Sa position est défendue par un groupe de sénateurs républicains, dirigé par Ted Cruz, qui a présenté à la mi-mai un projet de loi visant à interdire l'aide du gouvernement américain à tout gouvernement libanais « qui est influencé ou contrôlé par Hezbollah ». Le document doit être approuvé par le Sénat et le Congrès et doit finalement être ratifié par le président du pays, Donald Trump.  

« Le gouvernement libanais est contrôlé par Hezbollah, un groupe terroriste soutenu par l'Iran qui est directement responsable de la mort de centaines d'Américains », a déclaré la porte-parole de M. Cruz en présentant le projet de loi. Le document « interdirait toute aide au Liban tant que le président ne certifie pas que Hezbollah n'est pas membre du gouvernement, n'exerce pas d'influence sur lui et n'a aucun pouvoir dans aucun ministère », selon le Washington FB, qui a obtenu une copie du texte. 

« L'aide au Liban est devenue une question cruciale entre l'administration Trump et les républicains du Congrès, dont beaucoup ont essayé de mettre fin à ce financement en raison du contrôle quasi total du Hezbollah sur le système politique libanais », a déclaré Adam Kredo, analyste du FB de Washington. « Les responsables américains ont averti depuis un certain temps que l'aide civile et militaire américaine était tombée entre les mains du groupe terroriste », comme l'a prouvé le cas des frères Hamada.  

Chaque année, Washington alloue plus de 100 millions de dollars à Beyrouth, par le biais du programme de l'Agence américaine pour le développement international (USAID), afin d'aider le pays « dans ses efforts de redressement », selon le site officiel de la mission. Ce fonds est destiné, entre autres, à l'éducation, aux services d'eau et d'assainissement, à la reconstruction des infrastructures nationales, à la préservation des ressources écologiques du pays et au renforcement de la gouvernance locale.  

Toutefois, il faut rappeler que le Hezbollah, par le biais de la coalition du 8 mars, a négocié la formation du nouveau gouvernement du pays, dirigé par Hassan Diab, - qui est arrivé au pouvoir en février - avec ses alliés, dont le Mouvement patriotique libre, dirigé par Gibran Bassil, gendre du président du pays, Michael Aoun.

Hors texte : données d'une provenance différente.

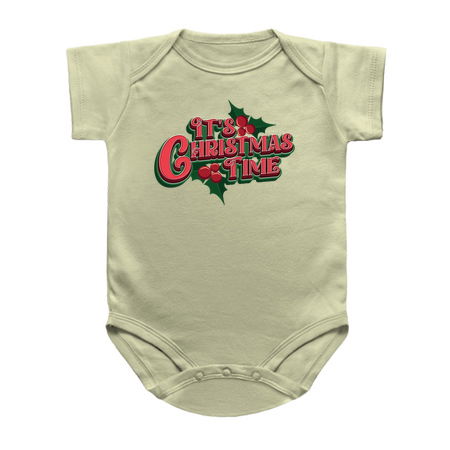 It's Christmas Time - Family Christmas tiny thumbnail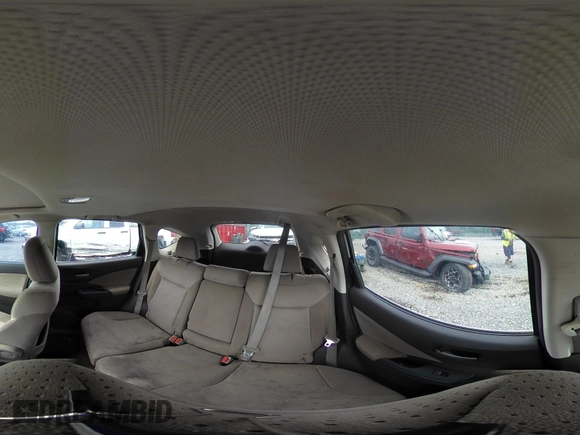 2014 Honda CR-V EX z VIN 5J6RM4H54EL058924, wystawiony jako IAAI lot #42091491 z przebiegiem 206 290 mil mil oraz . Historia ofert i sprzedaży dostępna na DreamBid. Obrazek 21.
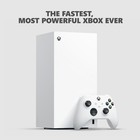 Xbox Series X Console - White All Digital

La milice est ainsi devenue le « grand architecte » du cabinet libanais, comme l'a déclaré à l'époque Imad Salamey, professeur de sciences politiques à l'Université libanaise aux Etats-Unis, à Al Jazeera. « Le nouvel exécutif n'aurait pas pu avancer sans le soutien des chiites du Hezbollah, qui ont soutenu la proposition de Diab en échange de la possibilité de nommer deux ministres de sa tendance », explique la journaliste Mar Romero sur France 24.

Par conséquent, par l'intermédiaire de ses délégués, l'organisation qualifiée de terroriste a un accès direct à la gestion des fonds que le Liban reçoit du géant américain, ainsi que d'autres pays et agences internationales.  

En outre, la pénétration de la milice au Liban est telle qu'elle a réussi à supplanter l'État à certaines occasions, ce qui lui a permis de gagner en légitimité et en soutien au sein de la population. Par le « clientélisme » ou « l'aide sociale », par exemple, dans la crise du coronavirus, elle a mobilisé des ambulances et des magasins d'alimentation pour protéger les plus défavorisés, auxquels les autorités gouvernementales n'allouent pratiquement pas de ressources. Bien que cette stratégie semble noble à première vue, son but n'est autre que de contrôler le pays, de le rapprocher de son programme de parti radicalisé et islamiste.